4. The idea for the show first occurred to David B. McCall, then president of McCaffrey and McCall Advertising, while he was on vacation with his family at a dude ranch in Wyoming. His son was struggling with learning the multiplication tables but, as McCall noticed, had no trouble at all memorizing Rolling Stones lyrics. Upon returning to the office, he called on jazz pianist Bob Dorough to compose a jingle about mathematics. Dorough wrote “Three is a Magic Number” and the team, along with Yohe, who drew the storyboards, presented the idea to Michael Eisner, then Vice President for Children’s Programming at ABC. Eisner bought the cartoon right then and there.

5. Dorough, who wrote the music and lyrics and performed many of the songs during the series run, received a Grammy nomination for Multiplication Rock, which was released as a record in 1973 by Capitol Records featuring songs about the multiplication tables 2-12.

6. In the song “Lucky Seven Sampson,” the titular rabbit skips past a graffiti-filled wall. If you look closely, what’s written are all references to people who worked on the cartoon. “Phunky Phil,” for example, is animation director Phil Kimmelman. Similarly, in “The Preamble,” all the names in the voting booth are people who worked on the song. Animator Sal Faillace had ultimate control over whom the cartoon characters voted for. Naturally, they voted for him and director George Cannata. One of these instances of not-so-hidden names ended up on a much larger screen. The factory smokestack in "The Great American Melting Pot" is labeled "Yohe" in honor of the co-creator. When that scene, along with others from America Rock, ended up as part of the backdrop for the Rockettes' "America Spectacular" show, Yohe's name got introduced to a whole new audience.

Youtube user, EnemyMindControl

7. Similarly, in “The Good Eleven,” cartoon versions of many of the creators appear in the video. George Newall is biking in blue and Tom Yohe appears at the end in a red bowtie.

8. When Dorough first wrote the music for “Figure Eight,” his wife thought it was too good to be used for Schoolhouse Rock, but none of the subsequent tunes were met with much enthusiasm so he returned to the originally charming melody.

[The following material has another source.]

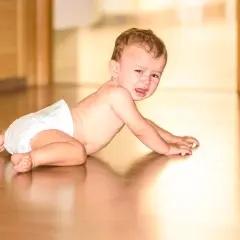 Płaczący niemowlak w pieluszce na podłodze. Czy to pierwsze oznaki adhd u niemowlaka, czy po prostu zły humor?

9. Before settling on “Verb, That’s What’s Happening,” the original idea for a verb song was, “A World Without Verbs,” a gloomy look at how nothing would ever happen in a world without action words.

10. In “Lolly, Lolly, Lolly, Get Your Adverbs Here,” all three generations of adverb merchants are voiced by Dorough, and his vocals were sped up to achieve the higher pitches.

11. Family members of the producers were an obvious choice to voice the various kid characters that appear on different songs. “Interjections!” features Yohe’s son, Tom Jr., as Reginald, and his six-year-old daughter added the adorable “Darn, that’s the end!” to close the song. Yohe himself is the cackling King George on “No More Kings.”

12. The show was made for kids but, in at least one instance, the cartoons got a little risqué. At the end of “The Shot Heard Round the World,” a group of diverse cartoon Americans gather into the shape of the country but at least one, a lady in Southern California, is totally nude.

Youtube user, Disney Educational Productions

13. The airing of “Three Ring Government” was delayed for several years because executives at ABC were concerned that the FCC and Congress would resent being compared to a circus and threaten their broadcast license renewal.

14. Lynn Ahrens, who wrote and sang some of Schoolhouse Rock’s most recognizable tunes, had a rather fortuitous, unconventional start. McCaffrey and McCall hired her as a secretary when she was just 22, right out of college. Bored with her daily typing tasks, Aherns often brought a guitar to the office to play during down time. One day, producer George Newall heard her strumming and asked her to try writing a song for the series. “The Preamble” was a hit that launched her career, which eventually included award-winning work on Broadway and for movies.

15. The original series run lasted from 1973 to 1985, and then in 1987, Golden Book Video released Schoolhouse Rock on tape. The format had been changed to accommodate the different structure and, according to some of the original creators, these changes were not an improvement. Each segment was introduced by actress Cloris Leachman sort-of-singing to a group of kids. "She's just hideous. She is the antithesis of what we wanted to do,” Yohe said of Leachman in 1994. "The quality is poor and there is also some new, inappropriate and inferior material not written by me,” Dorough added.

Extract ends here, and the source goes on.